That’s the verdict. The rest of this page exists so you don’t have to open fifteen tabs to act on it. We read Summit 7’s trust center, pulled the regulatory text from the Federal Register and the Code of Federal Regulations, checked their Cyber AB status, and separated what the company can prove from what it markets. Here’s what we found.
The 30-second verdict
| Question | Answer |
|---|---|
| What is it? | A CMMC readiness firm: RPO, managed services provider (MSP/MSSP), and Microsoft Government Cloud specialist (GCC High / Azure Government). |
| Is it a C3PAO? | No. It prepares you; a separate, independent assessor certifies you. Verify any provider's role before you sign. |
| Best for | DIB contractors handling CUI, targeting CMMC Level 2, who want a managed Microsoft GCC High path with documentation and evidence support. |
| Not best for | FCI-only Level 1 shops, very small teams needing only a secure-collaboration tool, companies unsure whether they even have CUI, or firms already assessment-ready and just shopping for a C3PAO. |
| Cost signal | Company-stated modeling: ~$265K all-in at 25 employees; ~$504K at 250. Planning math, not a quote. |
| Bottom line | Often a strong choice for a serious, managed Level 2 effort — if it matches your CUI scope, environment, and budget. The wrong fit isn't a quality problem; it's a sizing problem. |
Is Summit 7 a C3PAO or an RPO — and can they actually get you certified?
Summit 7 is a Registered Provider Organization (RPO), not a CMMC Third-Party Assessment Organization (C3PAO). An RPO provides readiness and implementation consulting; a C3PAO is the independent organization authorized to conduct your official CMMC Level 2 certification assessment. Summit 7 states plainly on its own RPO page that RPOs are not authorized to conduct CMMC assessments. So Summit 7 can get you ready — but a separate C3PAO has to certify you.
This is the single most expensive thing to get wrong, so it’s first.
Founded in 2008 and based in Huntsville, Alabama, Summit 7 is privately held (private-equity-backed) and led by CEO Scott Edwards. It built its practice around Microsoft 365 GCC High and Azure Government, and it markets itself as having one of the largest benches of Cyber AB-credentialed staff in the DIB. That much is consistent across its materials and third-party profiles. The category question, though, is what protects your wallet.

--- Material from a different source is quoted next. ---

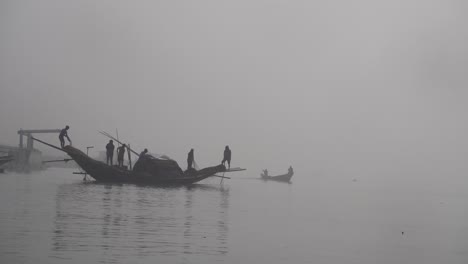 Weite-Einstellung-Von-Fischern,-Die-Netze-Aus-Dem-Fluss-Ziehen,-Und-Einem-Boot,-Das-Aus-Dem-Nebel-Kommt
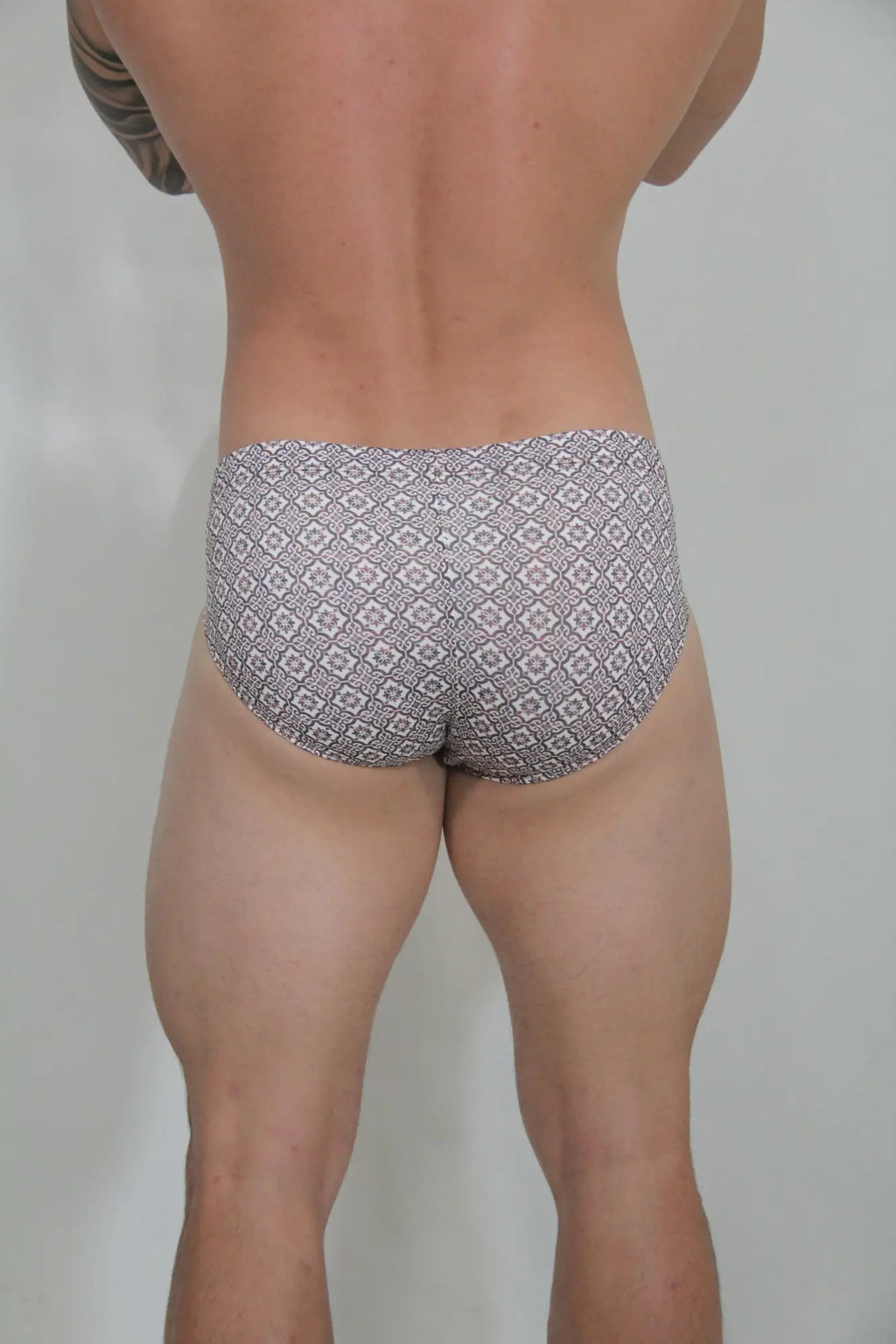 Gray and white patterned mosaico swim brief with geometric design in a lightweight fabric for swimming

Here’s why it matters in plain terms. The Cyber AB (formerly the CMMC Accreditation Body) keeps these roles separate on purpose. A firm that prepares your environment generally cannot also be the firm that independently assesses that same environment — that’s a conflict of interest the program is built to prevent. The Cyber AB’s CMMC Assessment Process (CAP) and Code of Professional Conduct require a C3PAO to identify and avoid or mitigate conflicts of interest, and to decline an assessment when such a conflict exists. The practical result: Summit 7 can scope, implement, document, and support — but the Level 2 certificate comes from a separate C3PAO.
A quick decoder for the alphabet soup
| Term | What it means | Where Summit 7 fits |
|---|---|---|
| RPO (Registered Provider Organization) | Cyber AB-registered firm offering readiness/consulting | This is Summit 7's Cyber AB role. |
| RP / CCP / CCA | Individual credentials — Registered Practitioner, Certified CMMC Professional, Certified CMMC Assessor | Summit 7 employs many; CCAs work on assessment teams at C3PAOs, not as your assessor-for-hire. |
| MSP / MSSP | Managed IT / managed security provider | Summit 7 runs managed services (Guardian and Vigilance offerings). |
| ESP (External Service Provider) | An outside provider whose services can fall inside your CMMC assessment scope | Summit 7's managed services make it an ESP — with real scoping consequences (covered below). |
| C3PAO | The independent organization that performs your official Level 2 assessment | Not Summit 7. Verify your assessor separately. |
Not sure which category of provider you even need?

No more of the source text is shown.